◆ **WHAT THE EXERCISE ASKS**:
Wherever a picture appears in the listing, leave it out, and copy the rest exactly.

◆ **RECORD SET**:
<<<<

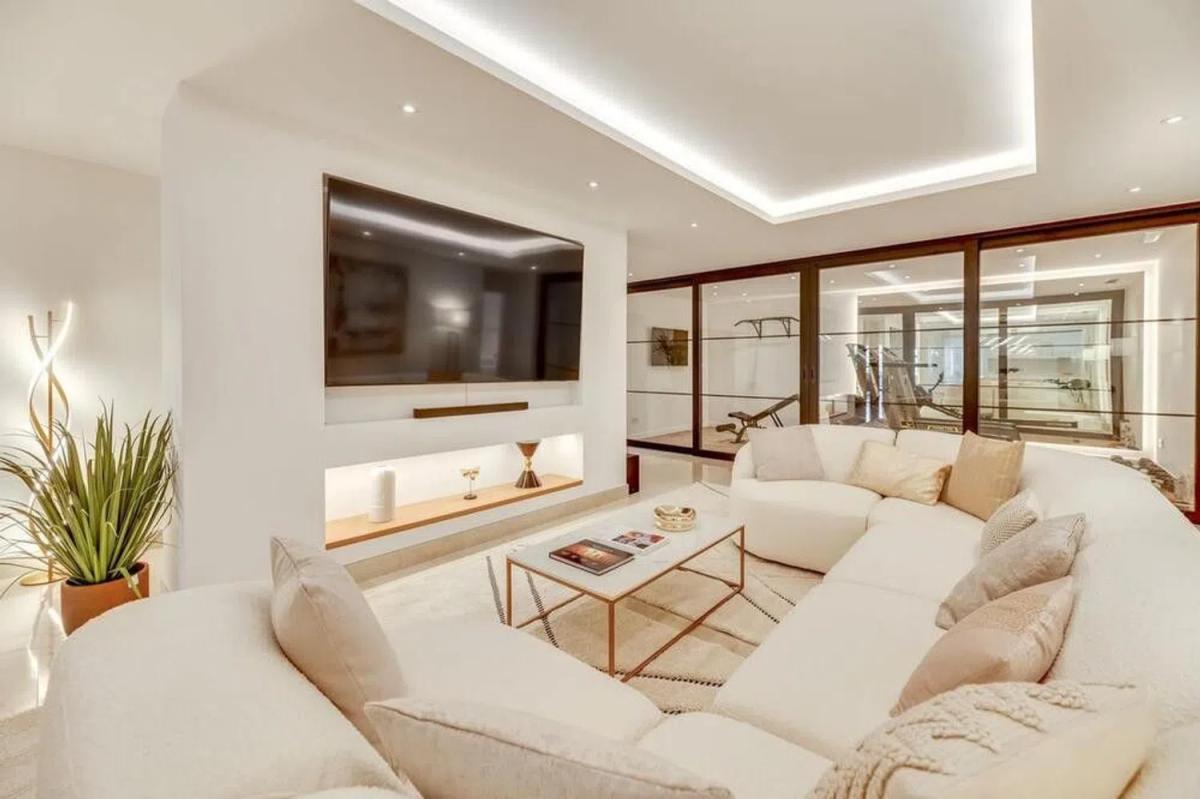 Venta de piso en Urbanización Capanes Norte, Benahavís
photo 1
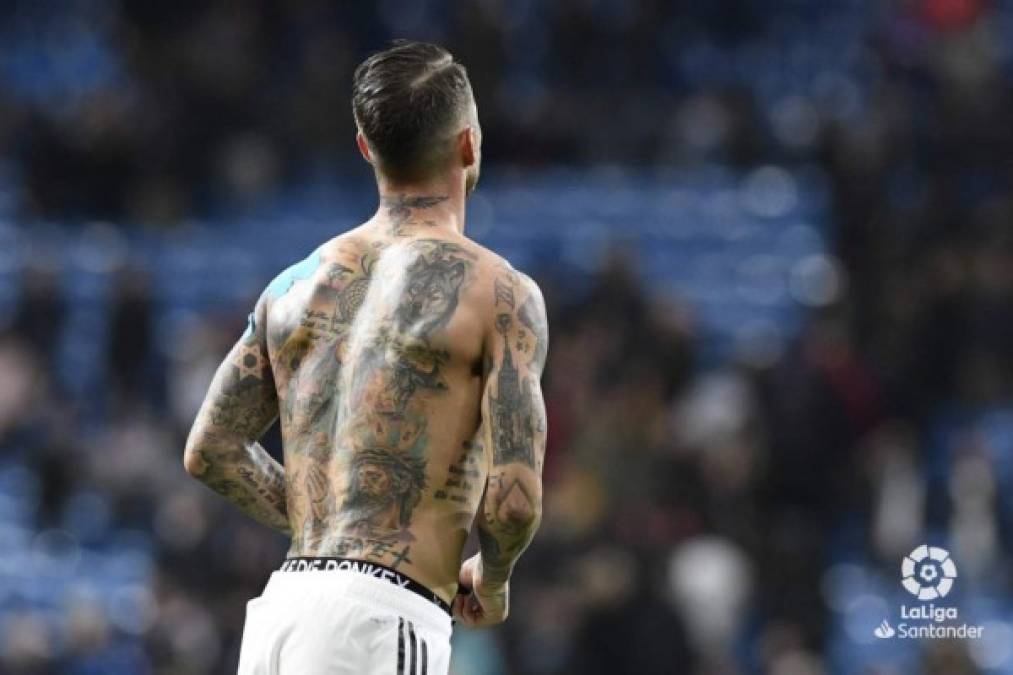Sergio Ramos lució sus tatuajes al final del partido tras regalar su camiseta.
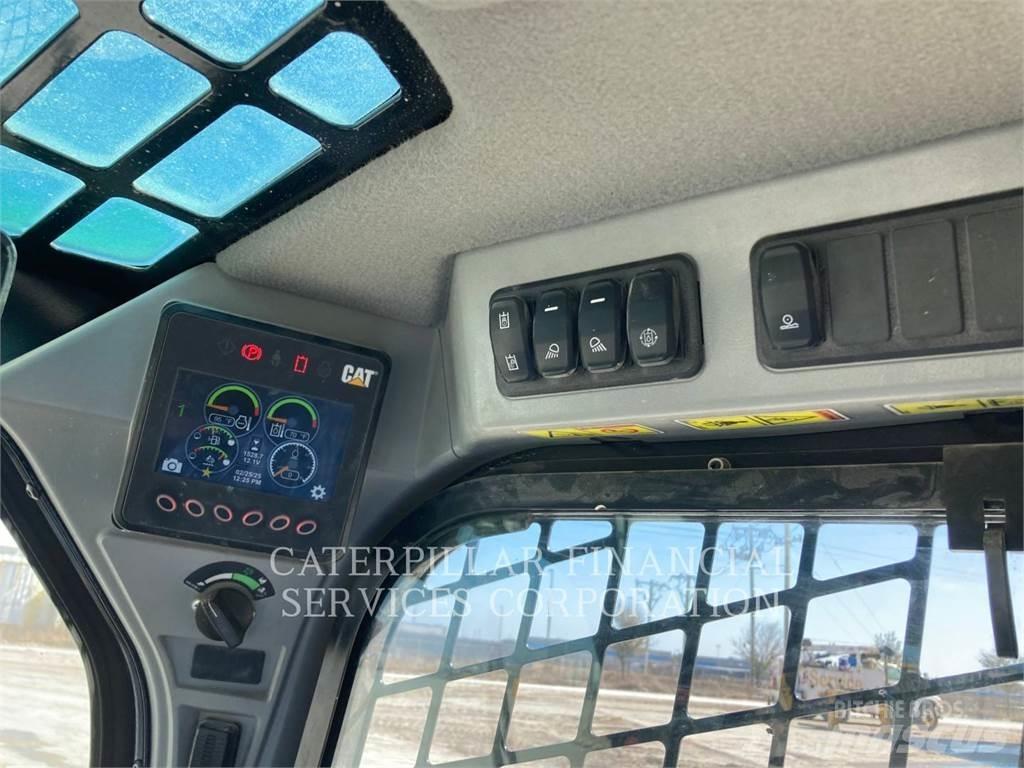CAT 272D3 滑移装载机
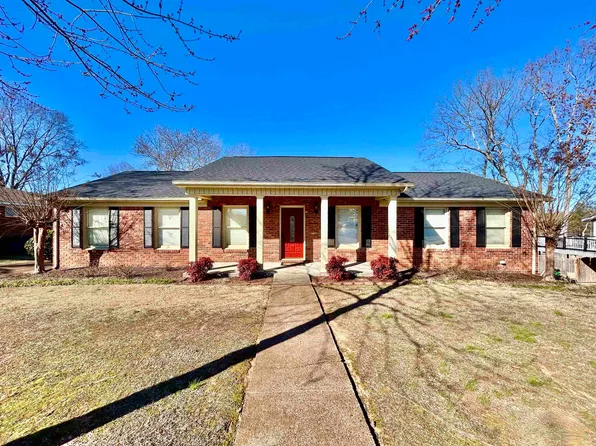 133 Talisman Dr, Florence, AL 35630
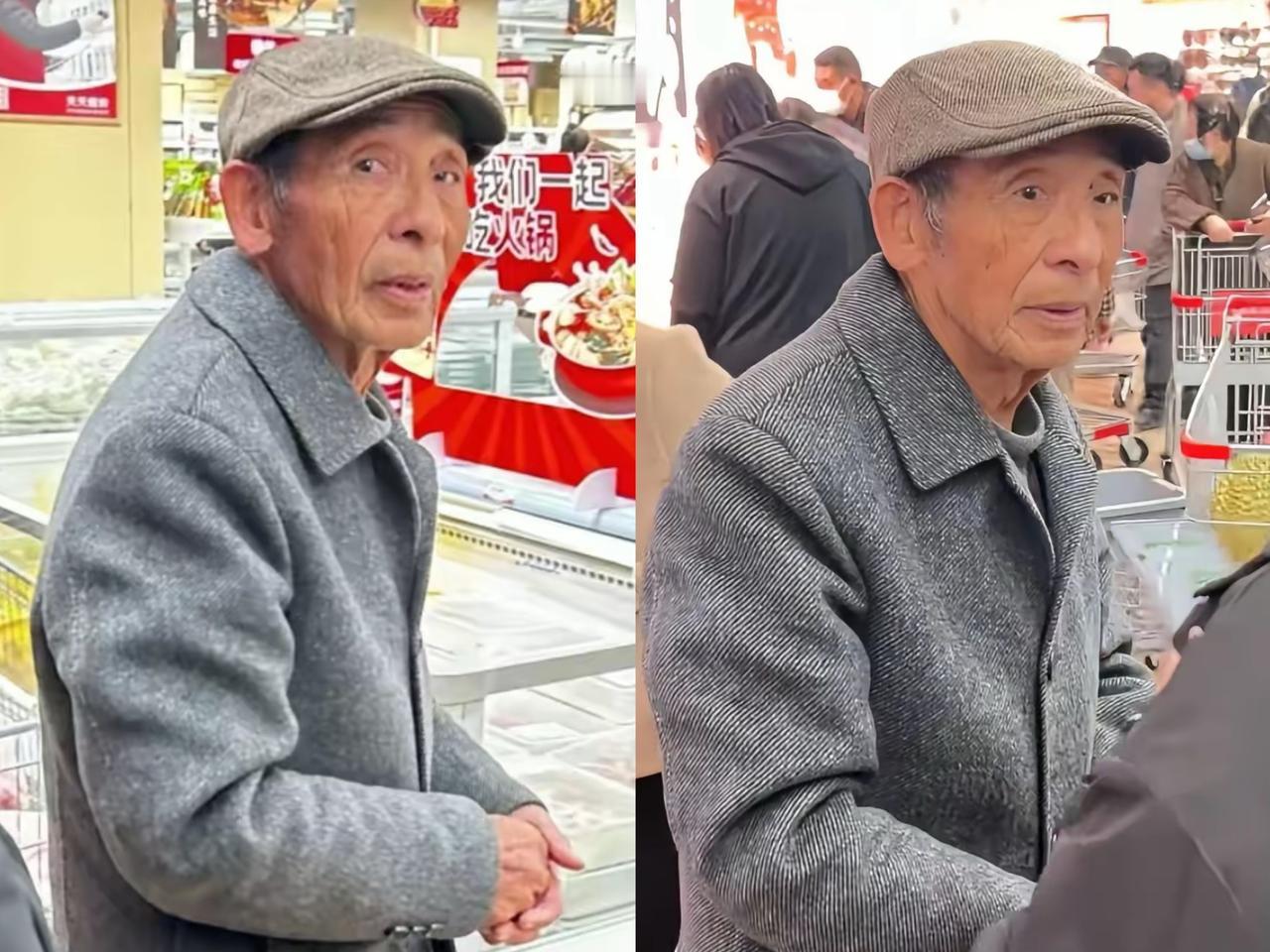 刘强东的父亲跑去宿迁京东超市折扣店逛啦！
老爷子一进店，径直就往食品区走，电器啥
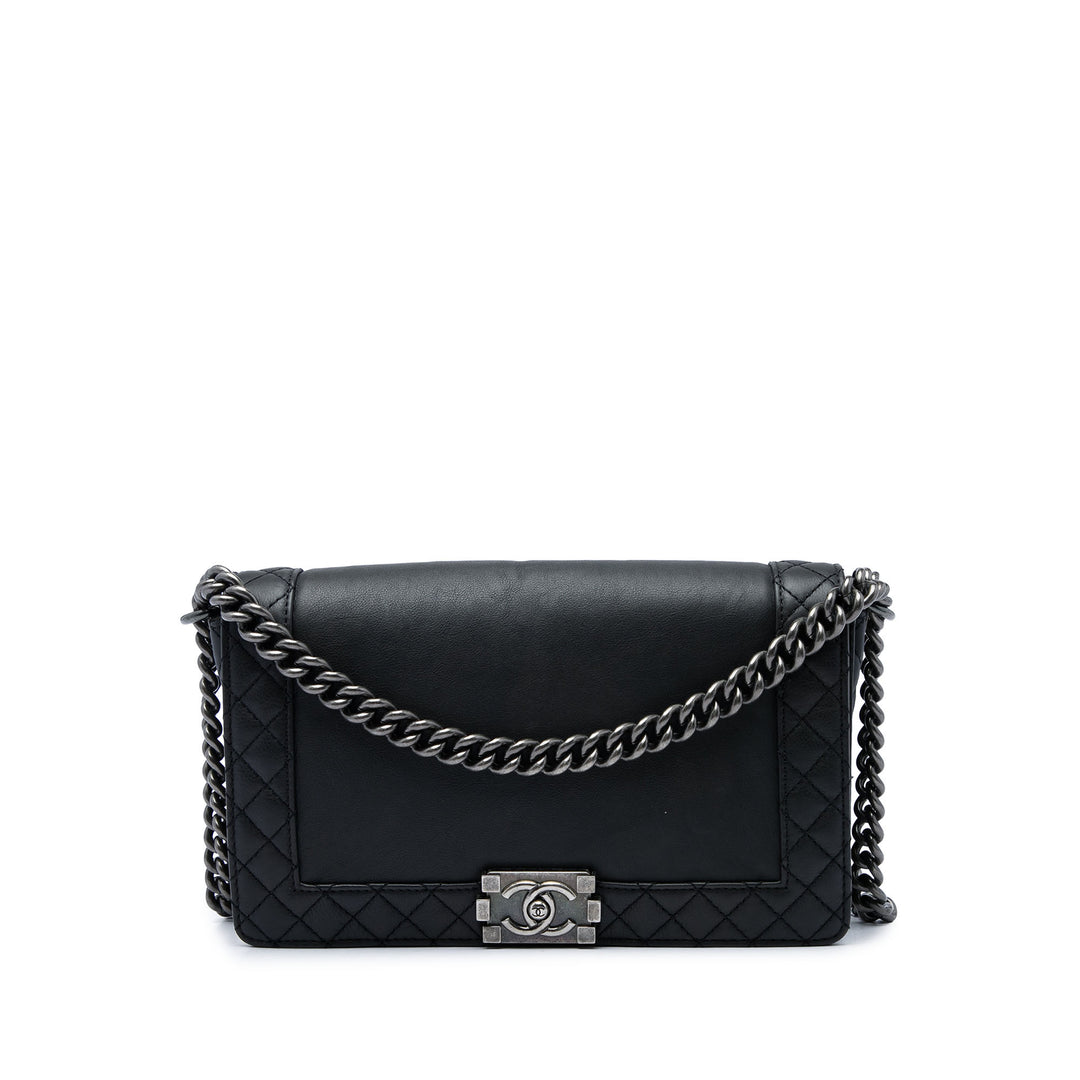 Chanel Sac bandoulière Boy Reverso à rabat Moyen Cuir d'agneau Noir – vue principale – GABY PARIS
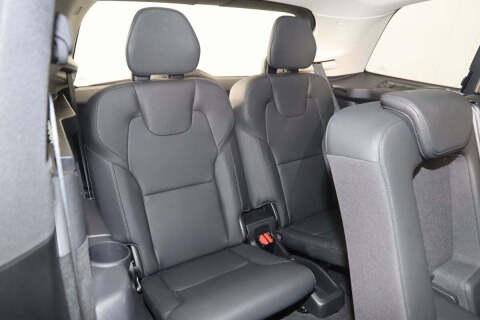 2025 Volvo XC90 B5 Plus Bright Theme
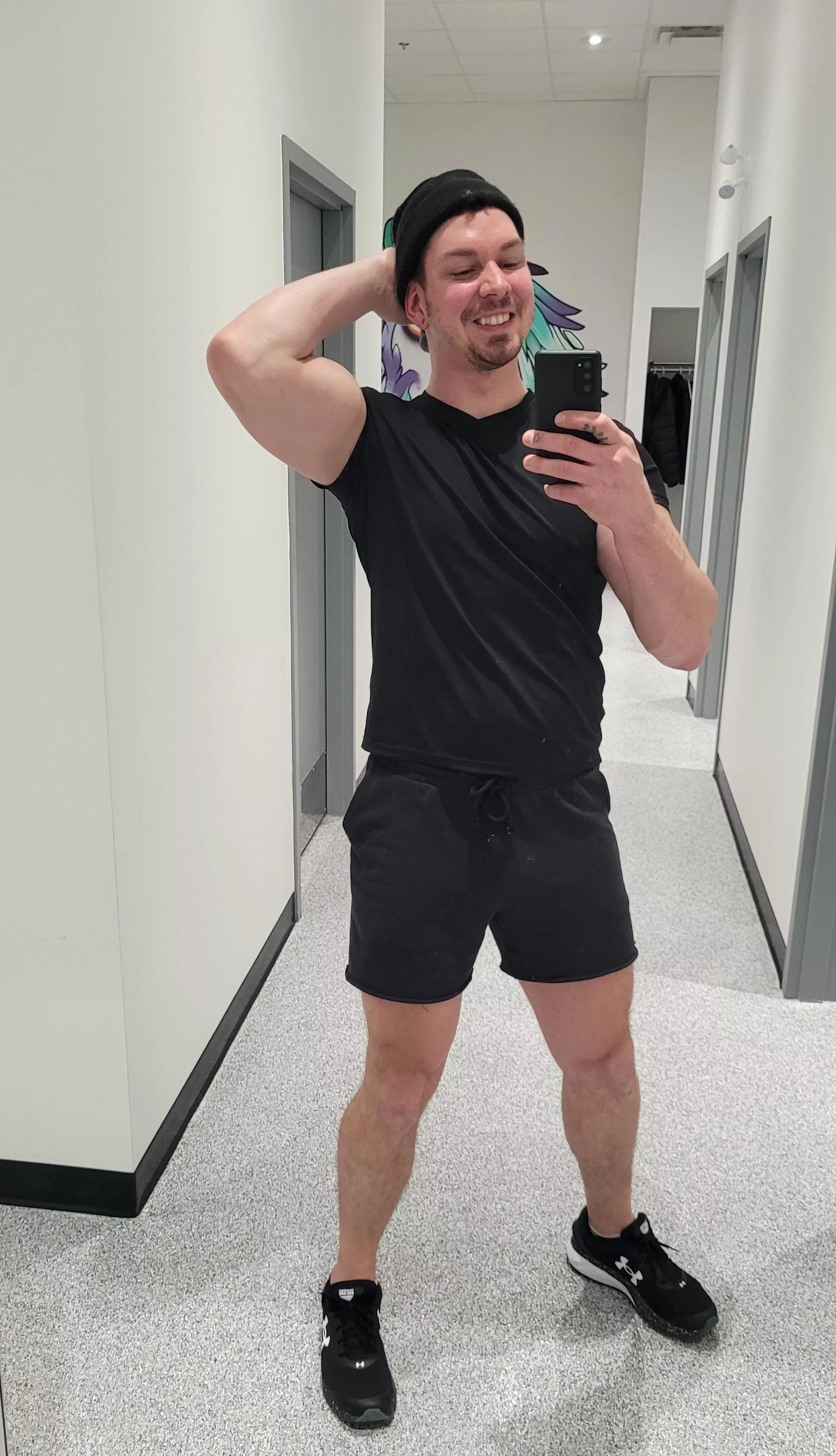 Happy friday y'all!! I hope that everyone has a lovely weekend ☺️ Happy friday y'all!! I hope that everyone has a lovely weekend ☺️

>>>>

◆ **WRITTEN REPLY**:
 Venta de piso en Urbanización Capanes Norte, Benahavís
photo 1
Sergio Ramos lució sus tatuajes al final del partido tras regalar su camiseta.
CAT 272D3 滑移装载机
 133 Talisman Dr, Florence, AL 35630
 刘强东的父亲跑去宿迁京东超市折扣店逛啦！
老爷子一进店，径直就往食品区走，电器啥
 Chanel Sac bandoulière Boy Reverso à rabat Moyen Cuir d'agneau Noir – vue principale – GABY PARIS
 2025 Volvo XC90 B5 Plus Bright Theme
 Happy friday y'all!! I hope that everyone has a lovely weekend ☺️ Happy friday y'all!! I hope that everyone has a lovely weekend ☺️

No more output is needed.